■ PROBLEM DESCRIPTION:
With the pictures left out, write out exactly the lines of the listing below that run from the line with "elementos de ventanas" through the line with "Flpruy Owl Necklace".

■ PROVIDED MATERIAL:

········

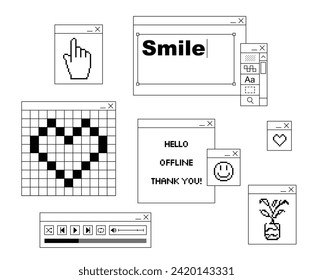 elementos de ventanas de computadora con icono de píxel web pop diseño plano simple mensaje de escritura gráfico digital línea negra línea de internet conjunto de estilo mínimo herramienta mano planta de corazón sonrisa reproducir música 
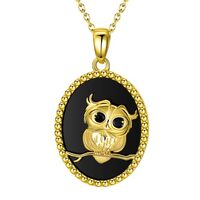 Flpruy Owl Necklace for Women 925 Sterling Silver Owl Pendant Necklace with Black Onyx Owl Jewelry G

········

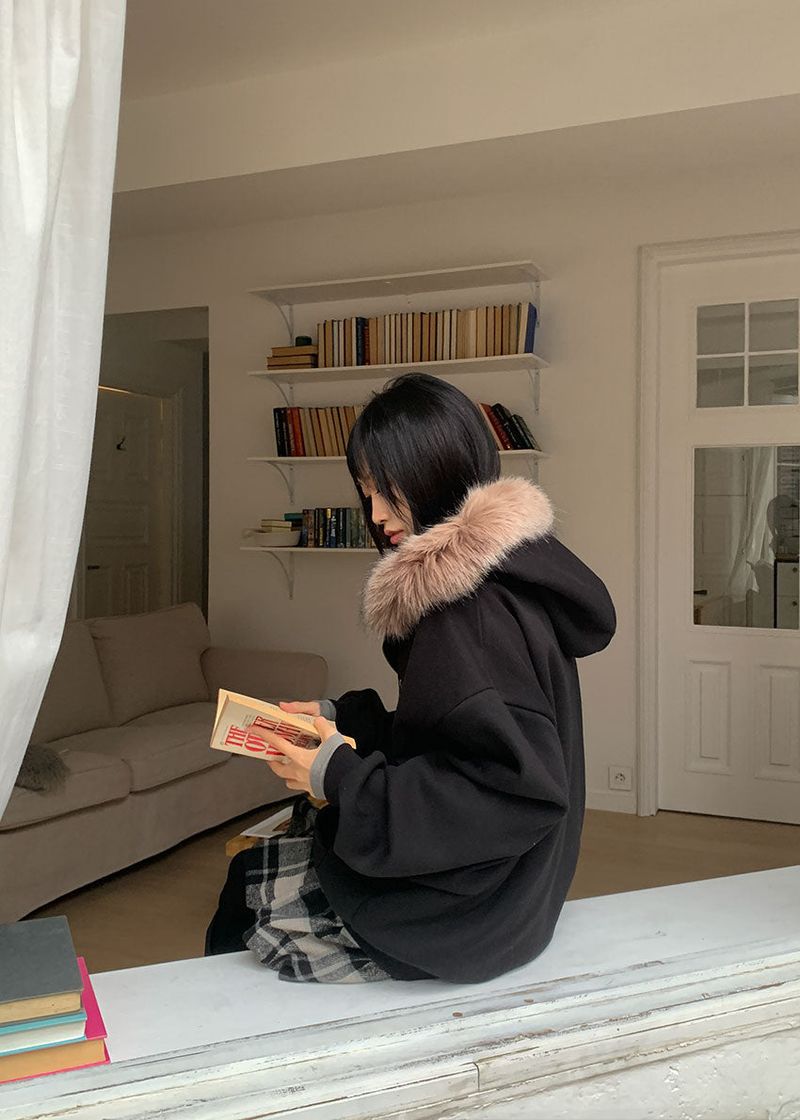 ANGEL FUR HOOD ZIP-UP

········

■ RESPONSE TO THE EXERCISE:
 elementos de ventanas de computadora con icono de píxel web pop diseño plano simple mensaje de escritura gráfico digital línea negra línea de internet conjunto de estilo mínimo herramienta mano planta de corazón sonrisa reproducir música 
 Flpruy Owl Necklace for Women 925 Sterling Silver Owl Pendant Necklace with Black Onyx Owl Jewelry G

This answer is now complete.